Reputation: 622
I work with text files with short strings in it (10 digits). The size of file is approx 1.5Gb, so the number of rows is reaching 100 millions.
Every day I get another file and need to extract new elements (tens of thousands a day).
What's the best approach to solve my problem?
I tried to load data in ArrayList - it takes around 20 seconds for each file, but substraction of arrays takes forever.
I use this code:
dataNew.removeAll(dataOld);
Tried to load data in HashSets - creation of HashSets is endless. The same with LinkedHashset.
Tried to load into ArrayLists and to sort only one of them
Collections.sort(dataNew);
but it didn't speed up the process of
dataNew.removeAll(dataOld);
Also memory consumption is rather high - sort() finishes only with heap of 15Gb (13Gb is not enough).

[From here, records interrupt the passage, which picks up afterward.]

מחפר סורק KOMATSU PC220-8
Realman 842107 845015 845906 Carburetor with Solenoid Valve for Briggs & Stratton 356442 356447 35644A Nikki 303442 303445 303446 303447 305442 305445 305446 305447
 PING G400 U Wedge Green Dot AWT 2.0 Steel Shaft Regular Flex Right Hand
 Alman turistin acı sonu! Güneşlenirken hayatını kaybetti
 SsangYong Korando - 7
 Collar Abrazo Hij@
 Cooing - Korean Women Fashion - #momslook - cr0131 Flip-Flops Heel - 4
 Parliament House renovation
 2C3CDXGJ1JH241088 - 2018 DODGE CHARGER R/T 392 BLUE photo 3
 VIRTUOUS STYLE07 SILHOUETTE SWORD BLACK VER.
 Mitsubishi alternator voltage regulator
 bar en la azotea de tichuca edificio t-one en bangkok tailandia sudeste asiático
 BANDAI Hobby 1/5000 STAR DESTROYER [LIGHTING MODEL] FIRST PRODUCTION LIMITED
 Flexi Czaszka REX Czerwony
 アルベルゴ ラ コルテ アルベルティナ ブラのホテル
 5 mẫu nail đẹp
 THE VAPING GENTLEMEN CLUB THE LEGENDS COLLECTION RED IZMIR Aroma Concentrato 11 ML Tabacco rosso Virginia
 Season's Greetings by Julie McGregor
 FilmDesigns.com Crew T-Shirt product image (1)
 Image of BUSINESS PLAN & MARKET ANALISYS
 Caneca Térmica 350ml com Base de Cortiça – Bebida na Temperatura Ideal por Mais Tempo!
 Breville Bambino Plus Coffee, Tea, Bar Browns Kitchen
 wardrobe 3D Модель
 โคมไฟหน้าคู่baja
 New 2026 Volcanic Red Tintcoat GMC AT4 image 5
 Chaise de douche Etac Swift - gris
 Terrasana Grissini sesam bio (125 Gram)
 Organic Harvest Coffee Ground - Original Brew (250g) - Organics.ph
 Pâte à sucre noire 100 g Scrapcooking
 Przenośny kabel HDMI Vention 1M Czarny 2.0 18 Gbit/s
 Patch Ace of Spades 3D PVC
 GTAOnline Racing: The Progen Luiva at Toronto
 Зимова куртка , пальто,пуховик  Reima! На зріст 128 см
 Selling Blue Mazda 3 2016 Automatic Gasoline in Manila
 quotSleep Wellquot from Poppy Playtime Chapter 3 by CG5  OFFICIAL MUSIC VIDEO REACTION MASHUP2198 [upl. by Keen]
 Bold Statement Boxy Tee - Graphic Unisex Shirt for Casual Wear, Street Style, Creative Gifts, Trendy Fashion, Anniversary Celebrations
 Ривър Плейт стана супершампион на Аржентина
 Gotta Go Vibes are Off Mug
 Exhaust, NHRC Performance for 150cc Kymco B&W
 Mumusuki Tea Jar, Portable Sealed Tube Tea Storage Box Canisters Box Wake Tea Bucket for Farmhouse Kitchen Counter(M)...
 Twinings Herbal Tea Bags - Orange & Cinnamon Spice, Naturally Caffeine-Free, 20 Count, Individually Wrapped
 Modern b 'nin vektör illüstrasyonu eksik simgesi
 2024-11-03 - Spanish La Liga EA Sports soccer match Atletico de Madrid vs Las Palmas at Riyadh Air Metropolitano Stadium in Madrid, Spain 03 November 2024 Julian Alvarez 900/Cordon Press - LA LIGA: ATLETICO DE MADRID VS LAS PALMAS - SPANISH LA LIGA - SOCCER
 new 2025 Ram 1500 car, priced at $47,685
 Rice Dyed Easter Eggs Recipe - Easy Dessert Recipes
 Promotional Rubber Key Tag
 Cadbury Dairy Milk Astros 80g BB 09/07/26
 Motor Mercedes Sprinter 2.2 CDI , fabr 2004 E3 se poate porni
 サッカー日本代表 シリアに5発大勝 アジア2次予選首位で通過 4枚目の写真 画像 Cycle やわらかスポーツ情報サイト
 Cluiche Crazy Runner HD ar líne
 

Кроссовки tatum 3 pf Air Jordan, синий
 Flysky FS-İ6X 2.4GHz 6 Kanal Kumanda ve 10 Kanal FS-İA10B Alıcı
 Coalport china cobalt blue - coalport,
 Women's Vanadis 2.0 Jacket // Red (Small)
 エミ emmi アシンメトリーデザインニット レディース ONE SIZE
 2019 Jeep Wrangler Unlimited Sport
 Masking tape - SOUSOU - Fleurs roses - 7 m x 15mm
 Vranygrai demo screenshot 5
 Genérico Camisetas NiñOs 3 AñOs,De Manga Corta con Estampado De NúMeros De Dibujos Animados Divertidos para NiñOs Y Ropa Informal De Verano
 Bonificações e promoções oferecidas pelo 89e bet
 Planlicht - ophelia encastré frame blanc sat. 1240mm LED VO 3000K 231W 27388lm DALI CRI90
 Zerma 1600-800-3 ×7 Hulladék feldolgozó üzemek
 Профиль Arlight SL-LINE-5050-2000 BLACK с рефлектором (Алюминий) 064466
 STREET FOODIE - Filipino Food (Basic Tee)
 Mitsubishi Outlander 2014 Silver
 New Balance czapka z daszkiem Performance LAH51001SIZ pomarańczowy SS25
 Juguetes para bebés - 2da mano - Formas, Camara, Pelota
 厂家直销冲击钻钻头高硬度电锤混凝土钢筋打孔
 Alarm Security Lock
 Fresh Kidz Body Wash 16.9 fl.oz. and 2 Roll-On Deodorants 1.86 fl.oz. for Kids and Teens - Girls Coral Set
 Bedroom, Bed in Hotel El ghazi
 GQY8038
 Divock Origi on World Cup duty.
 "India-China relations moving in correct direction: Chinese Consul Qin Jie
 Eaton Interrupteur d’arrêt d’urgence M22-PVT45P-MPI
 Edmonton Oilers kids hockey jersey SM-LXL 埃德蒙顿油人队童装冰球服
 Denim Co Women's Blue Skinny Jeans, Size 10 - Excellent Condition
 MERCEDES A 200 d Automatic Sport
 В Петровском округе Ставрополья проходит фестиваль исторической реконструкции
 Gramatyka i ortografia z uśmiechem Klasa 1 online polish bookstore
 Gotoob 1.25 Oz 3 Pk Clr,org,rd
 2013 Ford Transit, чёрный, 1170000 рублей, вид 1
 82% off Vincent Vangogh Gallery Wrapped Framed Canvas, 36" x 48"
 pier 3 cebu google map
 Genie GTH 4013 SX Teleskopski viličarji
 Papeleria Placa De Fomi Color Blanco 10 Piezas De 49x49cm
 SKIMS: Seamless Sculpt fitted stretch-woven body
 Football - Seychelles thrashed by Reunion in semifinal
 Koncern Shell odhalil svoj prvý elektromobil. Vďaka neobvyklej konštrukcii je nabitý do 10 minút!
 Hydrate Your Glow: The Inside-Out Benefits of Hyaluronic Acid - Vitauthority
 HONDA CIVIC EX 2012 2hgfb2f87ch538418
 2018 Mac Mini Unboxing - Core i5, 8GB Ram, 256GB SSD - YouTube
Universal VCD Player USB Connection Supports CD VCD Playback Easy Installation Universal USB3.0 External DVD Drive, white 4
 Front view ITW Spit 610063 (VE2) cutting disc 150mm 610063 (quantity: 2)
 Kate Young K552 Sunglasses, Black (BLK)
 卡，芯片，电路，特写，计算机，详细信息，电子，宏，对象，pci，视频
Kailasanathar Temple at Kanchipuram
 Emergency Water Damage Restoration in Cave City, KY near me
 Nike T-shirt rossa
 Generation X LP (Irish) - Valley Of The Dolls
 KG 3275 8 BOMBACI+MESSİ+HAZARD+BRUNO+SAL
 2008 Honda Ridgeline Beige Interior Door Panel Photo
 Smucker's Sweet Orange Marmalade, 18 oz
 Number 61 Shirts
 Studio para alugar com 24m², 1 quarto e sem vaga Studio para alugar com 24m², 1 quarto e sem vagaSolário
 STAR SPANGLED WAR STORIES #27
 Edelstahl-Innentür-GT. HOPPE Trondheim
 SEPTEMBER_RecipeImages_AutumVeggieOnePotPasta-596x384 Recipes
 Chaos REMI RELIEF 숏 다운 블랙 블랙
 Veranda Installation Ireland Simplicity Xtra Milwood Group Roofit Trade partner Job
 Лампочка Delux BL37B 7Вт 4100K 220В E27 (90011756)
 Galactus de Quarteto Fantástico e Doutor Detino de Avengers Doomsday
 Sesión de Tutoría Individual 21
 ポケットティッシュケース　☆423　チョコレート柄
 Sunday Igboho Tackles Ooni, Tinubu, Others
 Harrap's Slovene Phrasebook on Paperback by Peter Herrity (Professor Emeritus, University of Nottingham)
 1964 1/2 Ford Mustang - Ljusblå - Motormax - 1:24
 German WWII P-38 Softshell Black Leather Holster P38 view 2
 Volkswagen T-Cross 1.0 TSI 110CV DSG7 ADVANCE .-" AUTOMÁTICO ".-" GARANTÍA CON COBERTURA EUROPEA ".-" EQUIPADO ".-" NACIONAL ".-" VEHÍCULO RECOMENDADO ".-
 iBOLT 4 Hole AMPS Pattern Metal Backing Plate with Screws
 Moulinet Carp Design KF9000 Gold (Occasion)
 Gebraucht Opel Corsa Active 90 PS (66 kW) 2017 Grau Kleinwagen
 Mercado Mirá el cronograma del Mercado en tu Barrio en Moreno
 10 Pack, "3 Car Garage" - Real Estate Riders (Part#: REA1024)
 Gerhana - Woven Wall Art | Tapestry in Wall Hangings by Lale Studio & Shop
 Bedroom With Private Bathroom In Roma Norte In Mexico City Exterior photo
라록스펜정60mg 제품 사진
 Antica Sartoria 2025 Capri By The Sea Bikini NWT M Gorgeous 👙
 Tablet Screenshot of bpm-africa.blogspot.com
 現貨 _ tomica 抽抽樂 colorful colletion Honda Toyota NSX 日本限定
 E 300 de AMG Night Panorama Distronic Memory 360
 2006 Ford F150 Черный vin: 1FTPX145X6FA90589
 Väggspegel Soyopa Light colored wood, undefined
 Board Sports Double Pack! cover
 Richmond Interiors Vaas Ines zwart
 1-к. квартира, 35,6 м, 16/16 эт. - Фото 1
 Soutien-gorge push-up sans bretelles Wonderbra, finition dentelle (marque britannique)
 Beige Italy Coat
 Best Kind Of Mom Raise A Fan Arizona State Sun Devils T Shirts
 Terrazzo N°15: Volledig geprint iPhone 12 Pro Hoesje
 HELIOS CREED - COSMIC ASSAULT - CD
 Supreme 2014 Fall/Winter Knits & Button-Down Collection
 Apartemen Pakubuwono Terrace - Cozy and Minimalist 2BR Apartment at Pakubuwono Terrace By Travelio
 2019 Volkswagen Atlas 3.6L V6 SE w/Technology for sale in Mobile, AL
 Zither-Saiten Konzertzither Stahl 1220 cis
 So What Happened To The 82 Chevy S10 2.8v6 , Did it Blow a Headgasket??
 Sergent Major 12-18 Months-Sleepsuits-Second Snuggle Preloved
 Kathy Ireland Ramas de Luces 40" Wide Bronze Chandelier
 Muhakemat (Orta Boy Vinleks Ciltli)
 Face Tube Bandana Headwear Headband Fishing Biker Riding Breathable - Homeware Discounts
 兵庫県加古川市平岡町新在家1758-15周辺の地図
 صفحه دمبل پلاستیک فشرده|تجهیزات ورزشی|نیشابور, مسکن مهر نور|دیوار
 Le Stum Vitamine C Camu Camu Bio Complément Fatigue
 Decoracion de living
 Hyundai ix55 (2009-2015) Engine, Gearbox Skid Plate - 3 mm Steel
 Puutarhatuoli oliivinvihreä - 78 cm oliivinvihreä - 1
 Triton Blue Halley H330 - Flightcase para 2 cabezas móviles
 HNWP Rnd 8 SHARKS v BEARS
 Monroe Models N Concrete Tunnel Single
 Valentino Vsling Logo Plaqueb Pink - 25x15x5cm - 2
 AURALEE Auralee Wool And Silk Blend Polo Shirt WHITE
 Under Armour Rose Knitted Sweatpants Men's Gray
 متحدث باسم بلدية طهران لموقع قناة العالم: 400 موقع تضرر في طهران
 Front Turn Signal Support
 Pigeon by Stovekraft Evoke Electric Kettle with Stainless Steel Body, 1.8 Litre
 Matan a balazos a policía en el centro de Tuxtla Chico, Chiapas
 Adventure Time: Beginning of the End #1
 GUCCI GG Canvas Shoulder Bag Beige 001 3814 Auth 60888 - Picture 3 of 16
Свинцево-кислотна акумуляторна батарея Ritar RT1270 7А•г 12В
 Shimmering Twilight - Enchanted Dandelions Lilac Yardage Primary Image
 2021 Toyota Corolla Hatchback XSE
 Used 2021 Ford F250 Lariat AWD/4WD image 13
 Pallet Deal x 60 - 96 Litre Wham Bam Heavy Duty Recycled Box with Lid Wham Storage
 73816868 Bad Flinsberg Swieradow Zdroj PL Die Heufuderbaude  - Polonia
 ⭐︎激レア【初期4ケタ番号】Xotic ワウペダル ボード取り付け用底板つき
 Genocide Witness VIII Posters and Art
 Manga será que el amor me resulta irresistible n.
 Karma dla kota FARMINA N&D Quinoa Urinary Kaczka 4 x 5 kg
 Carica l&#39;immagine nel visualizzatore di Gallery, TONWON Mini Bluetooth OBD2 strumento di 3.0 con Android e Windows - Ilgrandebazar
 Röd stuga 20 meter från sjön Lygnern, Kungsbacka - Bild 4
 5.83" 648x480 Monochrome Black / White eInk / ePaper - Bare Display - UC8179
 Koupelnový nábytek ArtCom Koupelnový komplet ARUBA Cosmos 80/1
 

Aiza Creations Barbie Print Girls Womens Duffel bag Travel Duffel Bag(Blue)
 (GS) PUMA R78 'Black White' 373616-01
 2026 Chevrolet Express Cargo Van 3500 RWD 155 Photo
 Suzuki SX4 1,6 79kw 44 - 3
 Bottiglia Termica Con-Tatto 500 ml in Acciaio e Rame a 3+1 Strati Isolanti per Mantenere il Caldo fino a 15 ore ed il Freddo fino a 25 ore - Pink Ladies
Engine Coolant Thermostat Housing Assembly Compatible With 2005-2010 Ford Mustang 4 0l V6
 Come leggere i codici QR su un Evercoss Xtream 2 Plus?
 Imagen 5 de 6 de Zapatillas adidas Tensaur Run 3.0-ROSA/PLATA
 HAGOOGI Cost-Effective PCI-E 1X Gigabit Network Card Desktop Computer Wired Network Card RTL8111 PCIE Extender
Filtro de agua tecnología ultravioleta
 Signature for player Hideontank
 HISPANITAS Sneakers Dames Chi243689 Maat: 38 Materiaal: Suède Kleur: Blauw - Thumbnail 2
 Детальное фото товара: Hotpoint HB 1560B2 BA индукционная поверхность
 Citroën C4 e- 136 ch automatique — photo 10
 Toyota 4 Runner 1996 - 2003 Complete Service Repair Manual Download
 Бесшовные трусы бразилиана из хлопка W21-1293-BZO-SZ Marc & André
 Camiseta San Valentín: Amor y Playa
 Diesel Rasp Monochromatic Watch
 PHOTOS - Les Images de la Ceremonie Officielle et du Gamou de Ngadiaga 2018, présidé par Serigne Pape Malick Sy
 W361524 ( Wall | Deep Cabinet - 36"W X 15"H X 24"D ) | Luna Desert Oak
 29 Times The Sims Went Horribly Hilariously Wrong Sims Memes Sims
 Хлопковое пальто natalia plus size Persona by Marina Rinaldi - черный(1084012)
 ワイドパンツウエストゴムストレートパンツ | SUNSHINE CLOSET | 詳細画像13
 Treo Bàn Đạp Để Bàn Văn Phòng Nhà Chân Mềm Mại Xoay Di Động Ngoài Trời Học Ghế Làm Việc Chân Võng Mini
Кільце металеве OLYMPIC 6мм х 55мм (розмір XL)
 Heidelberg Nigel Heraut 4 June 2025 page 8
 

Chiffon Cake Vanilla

I've tried to use old good linux util diff and it finished the task in 76 minutes (while eating 8Gb of RAM).
So, my goal is to solve the problem in Java within 1 hour of processing time (or less, of course) and with consumption of 15Gb (or better 8-10Gb).
Any suggestions, please? Maybe I need not alphabetic sorting of ArrayList, but something else?
UPDATE: This is a country-wide list of invalid passports. It is published as a global list, so I need to extract delta by myself.
Data is unsorted and each row is unique. So I must compare 100M elements with 100M elements. Dataline is for example, "2404,107263". Converting to integer is not possible.
Interesting, when I increased maximum heap size to 16Gb
java -Xms5G -Xmx16G -jar utils.jar
loading to HashSet became fast (50 seconds for first file), but program gets killed by system Out-Of-Memory killer, as it eats enormous amounts of RAM while loading second file to second HashSet or ArrayList
My code is very simple:
List<String> setL = Files.readAllLines(Paths.get("filename"));
HashSet<String> dataNew = new HashSet<>(setL);
on second file the program gets
Killed
[1408341.392872] Out of memory: Kill process 20538 (java) score 489 or sacrifice child [1408341.392874] Killed process 20531 (java) total-vm:20177160kB, anon-rss:16074268kB, file-rss:0kB
UPDATE2:
Thanks for all your ideas!
Final solution is: converting lines to Long + using fastutil library (LongOpenHashSet)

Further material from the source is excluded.